If you saw a links response with:

id semantics product_type content_type ...
id1 #this #image application/fits ...
id1 #derivation #table application/fits ...

You could infer that the second link was to a fits file with a table in it, but does #derivation tell you what's in the table? what is a row in that table? is it clear that it is an extracted source? if not, how could we make that clear?

The answer could be a narrower term than #derivation that said something about what kind of derivation: same data but processed to be "better" vs information extracted vs astronomical sources extracted ...

So I guess if both datalink/core and product-type vocabularies grow sufficiently, aren't too rigid and don't become a huge mess then we'd be OK with a product_type column restricted to values from that vocabulary. The combinations from two vocabularies will make this quite flexible... I suspect 3 such things would be too much.

Francois - do you think this will work for the use cases from Ada and others you mentioned?

Aside: At CADC we have a handful of astronomers and data-scientists that use our services a lot; they are pseudo-representative of the community (pseudo because they know too much now). I am keenly aware of how much they hate it when things change and if you give them something simple they get used to you can never go back and generalize it in a way that makes it more complex. As a result, I am extremely leery of simple-looking things that look like short cuts unless I have sketched out the general solution and I know the shortcut is not going to bite me later. So like Markus, I don't think I grok the general problem here (lack of use cases) and that makes me a little worried that we'll regret something. OTOH, if we just think about it as "used to be able to say one thing about a link" and "now you can say two things about a link" then that helps.

Bonnarel · 2021-05-20T15:23:06Z

OK, I get the objection to the wild west of arbitrary full URLs to something on the internet; I don't think it would magically work either and they are just opaque identifiers to s/w (a human could go get the definition of a term).

I re-read what I think is the original post on this (issue #44) and in there I noted a couple of rather simple things that maybe are enough to get by for some time. First, there is a (proposed) "tabular" or "table" value in the product-type vocabulary; assuming such a VEP was accepted this would nominally be the way to link to "records" (query results).

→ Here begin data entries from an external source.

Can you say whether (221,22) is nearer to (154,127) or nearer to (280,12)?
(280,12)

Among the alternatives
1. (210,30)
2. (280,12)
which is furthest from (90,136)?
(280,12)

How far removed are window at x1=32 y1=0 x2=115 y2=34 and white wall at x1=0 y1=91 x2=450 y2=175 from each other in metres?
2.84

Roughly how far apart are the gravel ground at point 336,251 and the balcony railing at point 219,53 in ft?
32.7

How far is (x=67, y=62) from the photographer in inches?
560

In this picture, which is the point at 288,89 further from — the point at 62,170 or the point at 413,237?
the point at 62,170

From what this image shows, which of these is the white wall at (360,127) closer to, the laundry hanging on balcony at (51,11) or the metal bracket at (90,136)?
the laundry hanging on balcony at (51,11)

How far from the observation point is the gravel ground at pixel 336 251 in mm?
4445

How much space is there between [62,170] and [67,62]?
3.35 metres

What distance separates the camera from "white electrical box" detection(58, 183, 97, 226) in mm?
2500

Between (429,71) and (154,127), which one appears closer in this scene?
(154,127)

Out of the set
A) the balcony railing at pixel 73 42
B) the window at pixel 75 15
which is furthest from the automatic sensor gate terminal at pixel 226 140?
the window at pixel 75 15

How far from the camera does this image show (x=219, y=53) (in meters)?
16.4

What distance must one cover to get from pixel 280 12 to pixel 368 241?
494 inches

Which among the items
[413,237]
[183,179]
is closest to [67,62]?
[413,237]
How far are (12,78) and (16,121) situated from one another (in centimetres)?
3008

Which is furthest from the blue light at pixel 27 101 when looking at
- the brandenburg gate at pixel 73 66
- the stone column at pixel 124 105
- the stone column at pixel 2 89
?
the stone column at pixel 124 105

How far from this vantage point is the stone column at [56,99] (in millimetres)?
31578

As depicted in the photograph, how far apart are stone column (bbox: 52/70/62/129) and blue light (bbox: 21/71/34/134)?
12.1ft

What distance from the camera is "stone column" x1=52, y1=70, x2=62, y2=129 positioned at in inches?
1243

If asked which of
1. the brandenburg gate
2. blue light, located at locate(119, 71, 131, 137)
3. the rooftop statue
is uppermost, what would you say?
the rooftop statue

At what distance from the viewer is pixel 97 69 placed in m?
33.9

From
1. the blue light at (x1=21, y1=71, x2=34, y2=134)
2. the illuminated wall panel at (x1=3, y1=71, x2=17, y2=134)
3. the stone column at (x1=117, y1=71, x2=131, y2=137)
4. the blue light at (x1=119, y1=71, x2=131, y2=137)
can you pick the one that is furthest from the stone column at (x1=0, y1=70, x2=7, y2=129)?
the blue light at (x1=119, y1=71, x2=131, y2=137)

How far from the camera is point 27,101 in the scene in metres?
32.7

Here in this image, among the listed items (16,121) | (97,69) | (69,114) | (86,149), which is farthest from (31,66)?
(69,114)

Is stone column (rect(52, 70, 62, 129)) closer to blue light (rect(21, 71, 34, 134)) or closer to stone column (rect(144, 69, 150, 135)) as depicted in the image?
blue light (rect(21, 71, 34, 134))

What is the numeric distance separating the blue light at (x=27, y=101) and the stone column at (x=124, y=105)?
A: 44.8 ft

If you saw a links response with:

id semantics product_type content_type ...
id1 #this #image application/fits ...
id1 #derivation #table application/fits ...

You could infer that the second link was to a fits file with a table in it, but does #derivation tell you what's in the table? what is a row in that table? is it clear that it is an extracted source? if not, how could we make that clear?

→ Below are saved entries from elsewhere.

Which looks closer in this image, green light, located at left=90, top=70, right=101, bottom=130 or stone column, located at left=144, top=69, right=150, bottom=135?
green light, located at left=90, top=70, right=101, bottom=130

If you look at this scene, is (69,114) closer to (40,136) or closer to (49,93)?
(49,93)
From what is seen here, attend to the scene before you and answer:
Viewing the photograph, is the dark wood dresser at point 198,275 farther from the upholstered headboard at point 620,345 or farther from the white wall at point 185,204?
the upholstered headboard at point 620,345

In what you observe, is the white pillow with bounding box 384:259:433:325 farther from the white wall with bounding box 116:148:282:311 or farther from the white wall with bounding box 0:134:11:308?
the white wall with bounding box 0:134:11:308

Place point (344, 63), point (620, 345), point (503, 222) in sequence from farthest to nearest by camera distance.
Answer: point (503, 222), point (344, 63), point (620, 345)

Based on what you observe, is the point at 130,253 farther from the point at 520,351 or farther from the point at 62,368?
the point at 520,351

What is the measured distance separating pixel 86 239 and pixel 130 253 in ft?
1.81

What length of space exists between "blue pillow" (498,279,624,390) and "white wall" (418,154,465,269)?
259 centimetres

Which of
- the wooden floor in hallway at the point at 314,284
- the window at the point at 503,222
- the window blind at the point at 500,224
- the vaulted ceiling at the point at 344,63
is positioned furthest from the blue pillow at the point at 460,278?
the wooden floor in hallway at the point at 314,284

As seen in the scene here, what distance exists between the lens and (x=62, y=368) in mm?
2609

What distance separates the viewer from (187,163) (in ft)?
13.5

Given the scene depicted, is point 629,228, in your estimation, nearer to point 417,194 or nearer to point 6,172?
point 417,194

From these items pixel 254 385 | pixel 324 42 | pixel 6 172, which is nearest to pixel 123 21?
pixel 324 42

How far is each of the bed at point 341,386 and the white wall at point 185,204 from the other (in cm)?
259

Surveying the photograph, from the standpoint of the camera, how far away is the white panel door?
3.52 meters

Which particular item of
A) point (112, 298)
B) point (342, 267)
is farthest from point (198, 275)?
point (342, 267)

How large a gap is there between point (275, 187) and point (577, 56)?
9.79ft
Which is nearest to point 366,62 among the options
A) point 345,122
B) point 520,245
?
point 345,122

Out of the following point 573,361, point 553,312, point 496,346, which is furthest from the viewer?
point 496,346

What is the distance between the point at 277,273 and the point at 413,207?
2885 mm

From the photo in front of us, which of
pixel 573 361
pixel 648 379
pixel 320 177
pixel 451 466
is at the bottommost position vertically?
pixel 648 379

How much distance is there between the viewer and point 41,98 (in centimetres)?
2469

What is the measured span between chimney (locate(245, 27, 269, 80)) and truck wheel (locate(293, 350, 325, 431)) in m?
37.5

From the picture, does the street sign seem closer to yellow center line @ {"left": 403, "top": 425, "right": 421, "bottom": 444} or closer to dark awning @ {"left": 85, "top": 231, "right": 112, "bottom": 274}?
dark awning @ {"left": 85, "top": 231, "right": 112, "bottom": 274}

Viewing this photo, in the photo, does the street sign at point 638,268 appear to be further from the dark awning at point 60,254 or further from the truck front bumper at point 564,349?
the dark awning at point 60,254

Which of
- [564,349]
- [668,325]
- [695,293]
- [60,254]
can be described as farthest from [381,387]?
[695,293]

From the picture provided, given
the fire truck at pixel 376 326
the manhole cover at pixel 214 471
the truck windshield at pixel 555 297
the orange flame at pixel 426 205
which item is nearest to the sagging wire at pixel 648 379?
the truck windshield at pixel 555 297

The answer could be a narrower term than #derivation that said something about what kind of derivation: same data but processed to be "better" vs information extracted vs astronomical sources extracted ...

So I guess if both datalink/core and product-type vocabularies grow sufficiently, aren't too rigid and don't become a huge mess then we'd be OK with a product_type column restricted to values from that vocabulary. The combinations from two vocabularies will make this quite flexible... I suspect 3 such things would be too much.

Francois - do you think this will work for the use cases from Ada and others you mentioned?

well there are two level of answers :
1 ) if we consider the original usecase where #this is a "source" or "detection" in a catalog and #link is a timeseries "of #this" for sure product_type combined with one of (coderived, derived, counterpart, progenitor) semantics term is enough. And content_type will tell us about the format.
But
2 ) - when #link is not a dataproduct product_type is useless. It is not a problem per se. we can leave it empty. But maybe we want to say more about what it is in that case. Imagine #link is "Documentation". Is that a tutorial ? a refered article ? a simple html page ? a github repository ? Where do we put this information if the new field is reserved for dataproduct_type vocabulary ?
- in Ada's proposal there were 4 levels :
Level 0 - Data-format (fits, VOTable, PDF, png, …)
Level 1 - Data-type (tabular, image, spectrum, cube, text, …)
Level 2 - Data-information (Documentation, Calibration, Log, Preview, …)
Level 3 - Data-relation (Derived from, Progenitor of, Sibling of, ...)
0 and 1 will be covered by content_type and product_type. 3 is obviously covered by semantics. My personal opinion is that the examples for level2 are also a kind of relationship between #this and the #link, so well covered by semantics. But it may happen that something in her level 2 could be covered by data-type (the very nature of documentation for example. An i think we will sooener or later need a new "metadata" semantics term the nature of which could be an "obscore record" or a "provenance record" or .....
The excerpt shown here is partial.